Devoto de esa filosofía mestiza de la lengua, Herrera suma nuevos asaltos a la ortografía en La estación del pantano: combina tipografías, usa mayúsculas y algunos signos de puntuación a su gusto. Y lo defiende: «Eso es lo que uno tiene que hacer cuando escribe literatura, no se trata de romper las reglas por romperlas, sino en función de un propósito estético y ético, o político inclusive. La ruptura o el juego es el apetito de otro orden que estamos tratando de representar a través de la frase. La musicalidad del texto siempre ha sido importante y quería que la ortografía se supeditara también a este otro elemento. No sé nada de composición pero hablé con amigos que me explicaron la diferencia básica entre la música occidental y los ritmos africanos, la síncopa y el contratiempo y cómo el afrobeat combina la música popular africana». Ortografía, música e, incluso, un glifo de un pájaro caminando en una dirección y mirando en otra. Se trata de un dibujo del autor que representa un sankofa, un símbolo que, en Nueva Orleans, se lee como la experiencia de los migrantes forzados: sigue hacia delante sin abandonar tu memoria.
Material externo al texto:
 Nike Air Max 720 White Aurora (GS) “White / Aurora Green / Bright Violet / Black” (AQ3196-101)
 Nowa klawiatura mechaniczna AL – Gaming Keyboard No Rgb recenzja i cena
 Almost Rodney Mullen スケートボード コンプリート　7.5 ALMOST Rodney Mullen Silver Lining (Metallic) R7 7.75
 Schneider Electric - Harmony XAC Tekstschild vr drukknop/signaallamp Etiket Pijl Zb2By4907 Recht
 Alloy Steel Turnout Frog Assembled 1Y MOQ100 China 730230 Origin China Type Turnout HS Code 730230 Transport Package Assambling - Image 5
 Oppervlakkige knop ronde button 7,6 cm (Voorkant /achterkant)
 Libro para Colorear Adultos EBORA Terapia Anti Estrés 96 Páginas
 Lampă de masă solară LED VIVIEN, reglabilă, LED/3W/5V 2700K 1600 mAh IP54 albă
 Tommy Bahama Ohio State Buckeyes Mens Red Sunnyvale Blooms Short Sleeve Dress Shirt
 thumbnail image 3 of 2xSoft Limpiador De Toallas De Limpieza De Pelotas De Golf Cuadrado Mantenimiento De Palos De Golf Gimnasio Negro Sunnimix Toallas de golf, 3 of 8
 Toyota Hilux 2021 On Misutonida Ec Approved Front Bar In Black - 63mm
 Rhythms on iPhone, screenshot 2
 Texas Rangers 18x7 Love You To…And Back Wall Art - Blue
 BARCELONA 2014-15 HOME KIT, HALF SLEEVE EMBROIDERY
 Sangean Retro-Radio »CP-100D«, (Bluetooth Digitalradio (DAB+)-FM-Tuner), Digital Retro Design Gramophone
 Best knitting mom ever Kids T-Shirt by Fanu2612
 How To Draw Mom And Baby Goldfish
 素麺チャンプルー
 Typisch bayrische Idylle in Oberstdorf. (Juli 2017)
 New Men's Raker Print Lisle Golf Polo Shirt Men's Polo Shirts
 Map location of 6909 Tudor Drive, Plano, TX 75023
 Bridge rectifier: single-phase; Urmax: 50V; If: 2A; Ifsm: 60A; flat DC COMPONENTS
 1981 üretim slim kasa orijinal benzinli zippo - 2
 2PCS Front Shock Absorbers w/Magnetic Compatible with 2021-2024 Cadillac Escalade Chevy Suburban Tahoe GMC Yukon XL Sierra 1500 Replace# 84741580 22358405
En sus novelas, cuentos o ensayos la lengua funciona con la historia. El fondo y la forma son la misma cosa. ¿Diría que ha encontrado un estilo? «No lo sé. El estilo se construye a partir de ciertas repeticiones, obsesiones y gustos. No soy Ridley Scott pero estoy contento con ser fiel a esas cosas que me dan vueltas a la cabeza». Como alimento de esa peculiaridad lingüística desayuna un café con poesía para meter algo bueno en el cuerpo cuando estás en la frontera entre el sueño y la vigilia. «Llegué tarde a la poesía pero ahora es imprescindible. No se puede hacer literatura sino tratamos de entender la operación básica del arte por escrito que supone la lírica a la que considero la vanguardia del arte literario».
El autor de títulos como Diez planetas vive en Nueva Orleans donde imparte clases en la Universidad de Tulane. «No importa que uno hable de hobbits o hombres lobo, uno siempre está hablando de sus vecinos y de uno mismo. Hay muchas cosas parecidas con la urbe del siglo XIX como los niveles de violencia o el racismo. Nueva Orleans es una isla dentro de los Estados Unidos, una isla orgullosamente marica y que lo es antes que esto se convirtiera en algo aceptado. En la ciudad funciona esa ambigüedad y juego de los géneros desde el siglo XIX, marica en el sentido epistemológico que está rompiendo un orden establecido. Y en eso es una ciudad, que no sólo es como era, sino que lo es de manera mucho más clara, más abierta. Es de las menos racistas aunque existe el racismo como sistema de manera estructural. La música sigue siendo fundamental, no necesito pagar cien dólares por ir a un festival, basta con entrar en un bar para encontrar buena música en directo».